ミニスカートのようなスピーチとは?

 「A speech should be like a miniskirt, short enough to be interesting, long enough to cover the subject」

 「スピーチとは、ミニスカート。目を引くに足る短さと、主題をカバーするに足る長さが必須条件だ」。ウィンストン・チャーチルの言葉。

 乾杯用のビールがどんどん生ぬるくなっていくのに、まだ「乾杯の音頭」が続いている。日本人のスピーチは本当につまらない。面白いスピーチはあるのだろうか。結婚式のお涙頂戴な「花嫁の手紙」は少しマシかと思ったら、パターン化されているのはやはり、プロのコーディネーターによる量産であろう。

 ミニスカートのようなスピーチがしたい。私自身も講演総時間数が2000時間を越えているが、いまだにこのバランス取りに苦闘している。

 講演には技術が必要。何よりも論理性である。「……ねばならない」「……であるべき」だけでは人は納得しない。それらを裏付ける文脈を用意し、「理」で勝負する。いわゆる修辞学の世界だ。講演には芸術も必要。聞く人を引き付けるためには、いかに共鳴を引き起こすか、「情」で勝負するところだ。

 企業の従業員を集めて、リストラの必要性を語れという、過去自己史上最難のスピーチを体験したことがある。いかに「理」にかなっていても、「情」に訴える余地は皆無。講壇に上ると靴を投げられるのではないかとぶるぶる震えながら、ふと気がつく。理にかなっていればいるほど、怒りを誘うこと。土壇場のアプローチ変更!

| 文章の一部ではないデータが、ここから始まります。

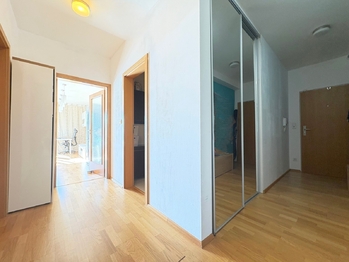 Chodba - Pronájem bytu 3+kk v osobním vlastnictví 85 m², Praha 9 - Hostavice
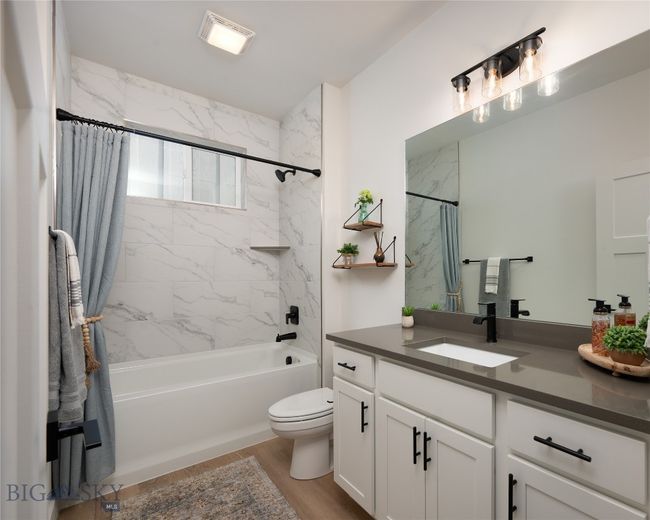 Shared bathroom | Image 16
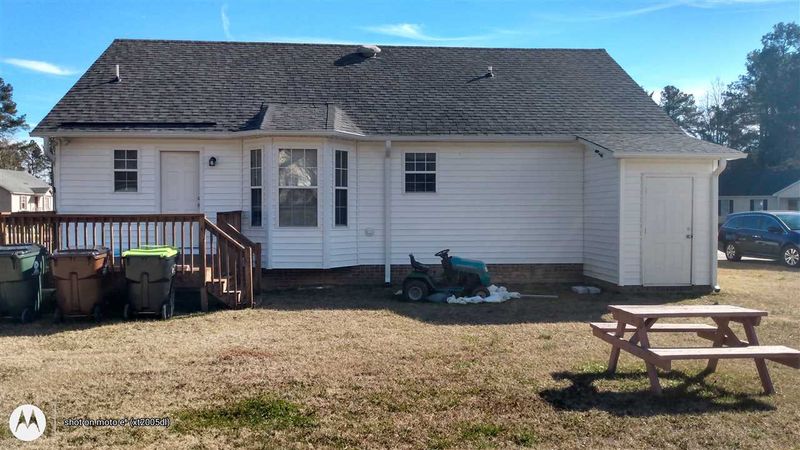 11 Meadow Winds Ct, Wendell, NC 27591
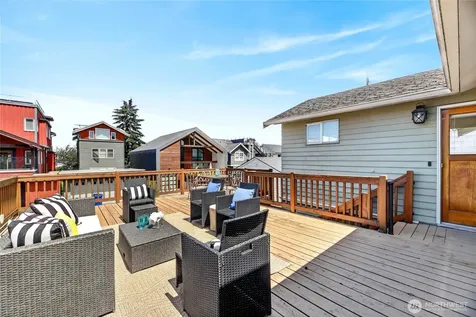 3722 SW Grayson Street Seattle WA 98126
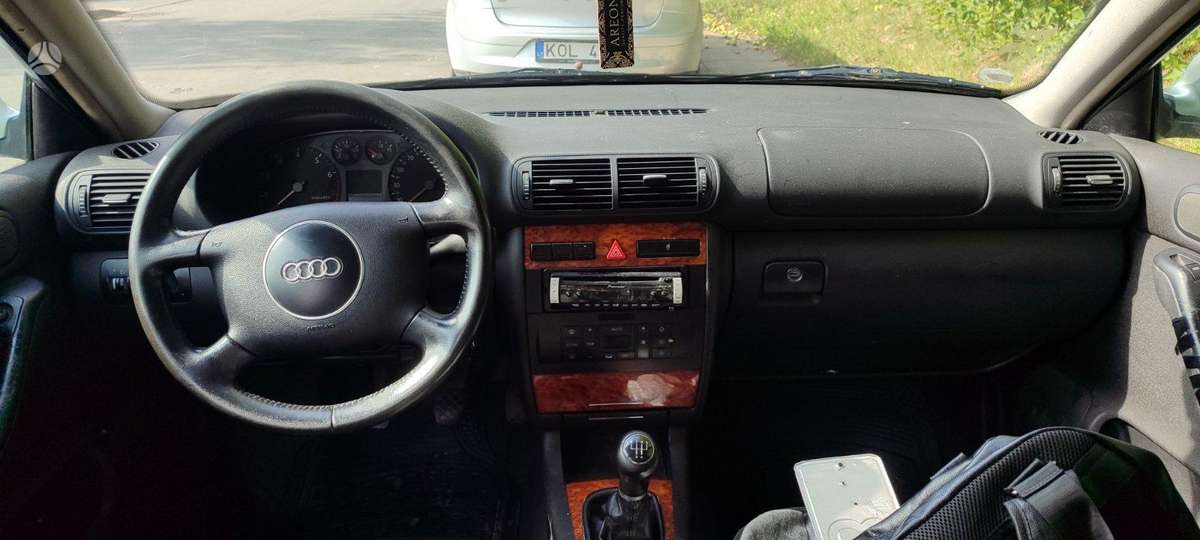 Audi A3, 1.6 l., Хэтчбек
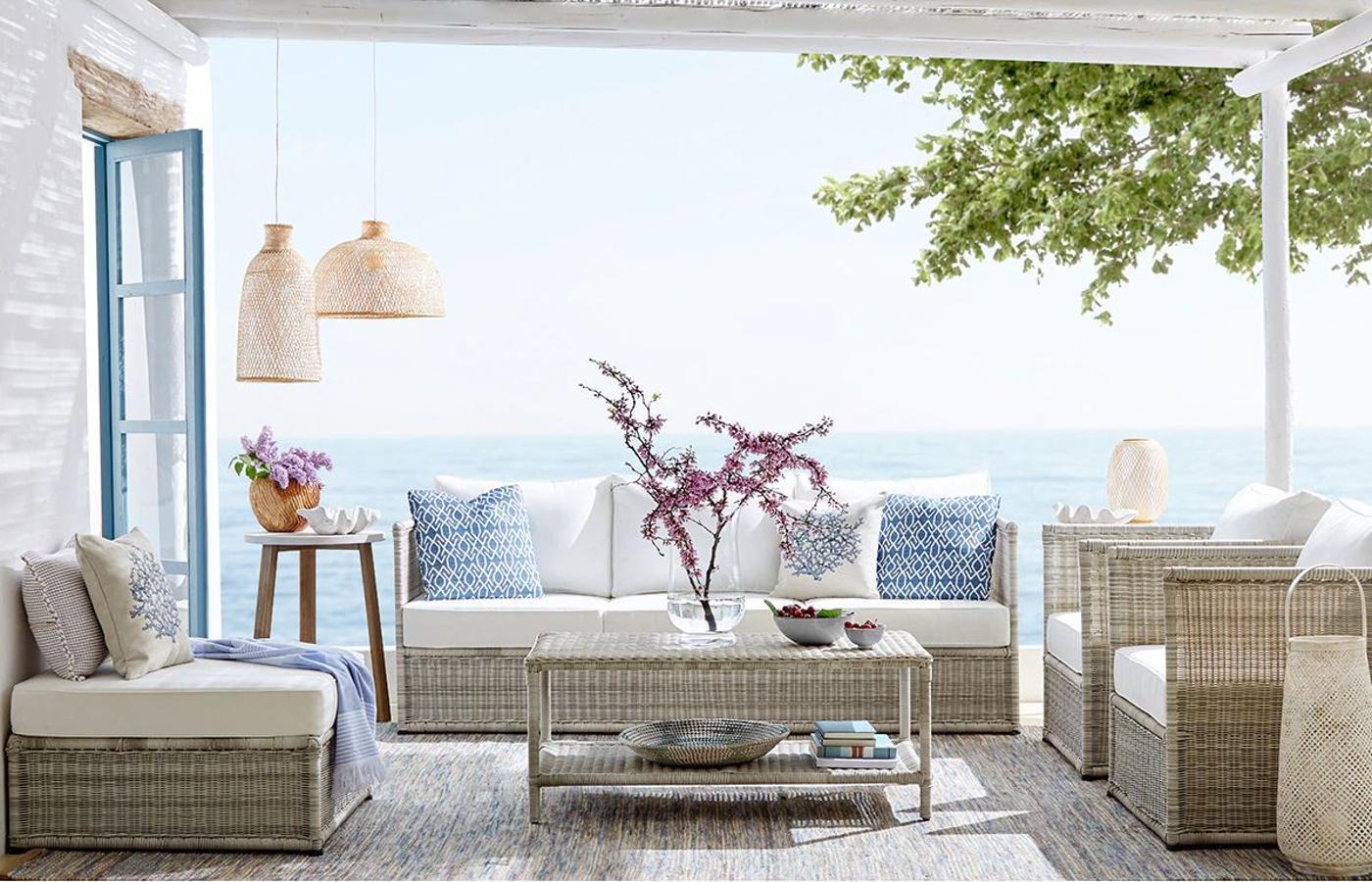 Si tú también estás deseando  preparar tu terraza  para la temporada de verano, ahora es el momento, y puedes hacerlo con  chollos deco , pero también con este maravilloso ‘look’ que nos ha enseñado  El Corte Ingles.  Lámparas de fibra natural, centros de mesa en ratán, sillones, y más. ¿Te lo vas a perder?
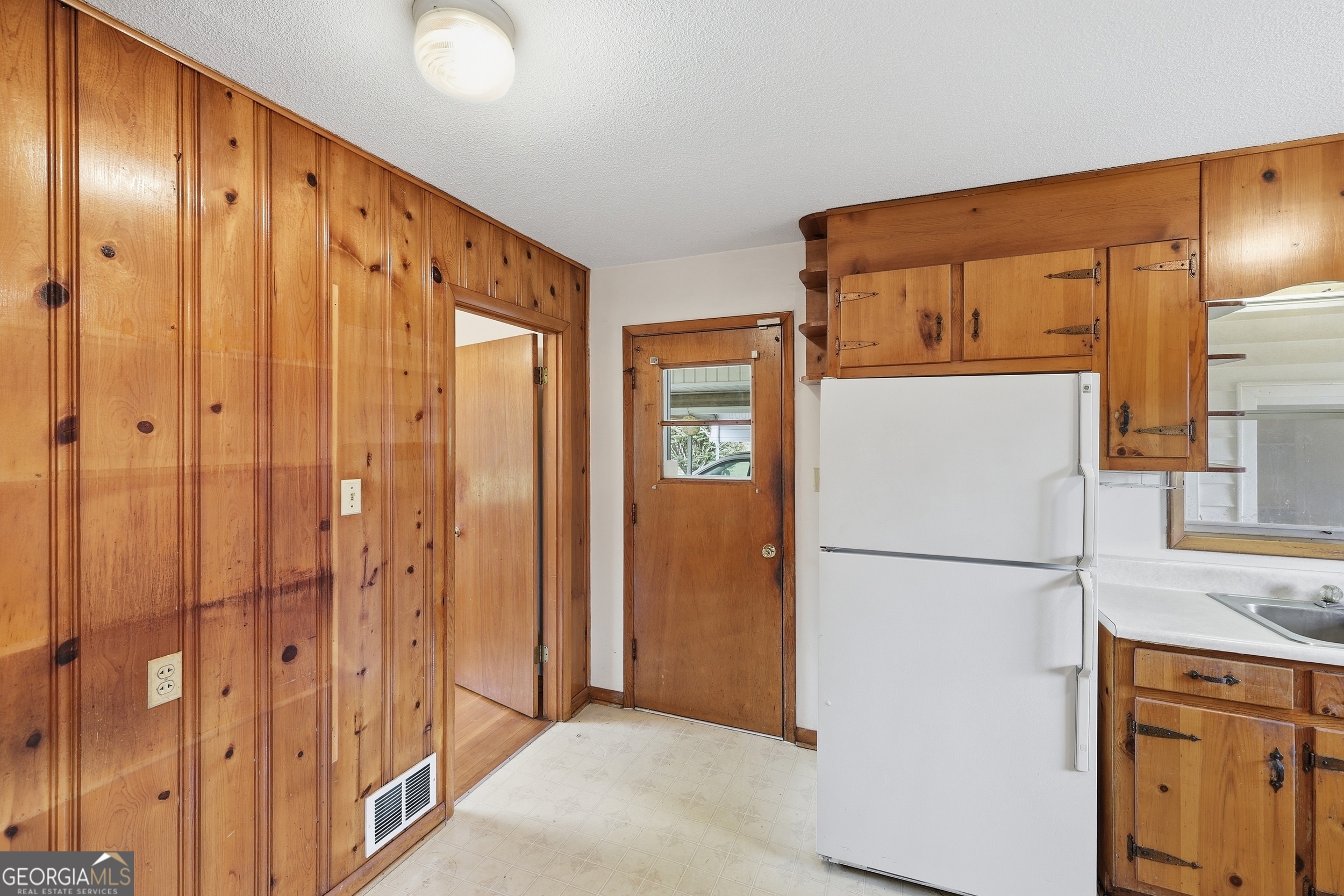 4398 Highway 115 Property Photo 16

 その講演は最終的に失敗しなかった。その会社は結果的に、リストラせずになんとか済んだ。詳細は顧客の秘密でもあり、私の商売の秘密でもあるから、種明かしはできないが、そのスピーチはミニスカートでなかったことだけは確実だった。

 2月にも多くの講演とセミナーが待っている。ミニスカートとは、膝上何センチだろうかを考えながら、準備に取り組んでいる。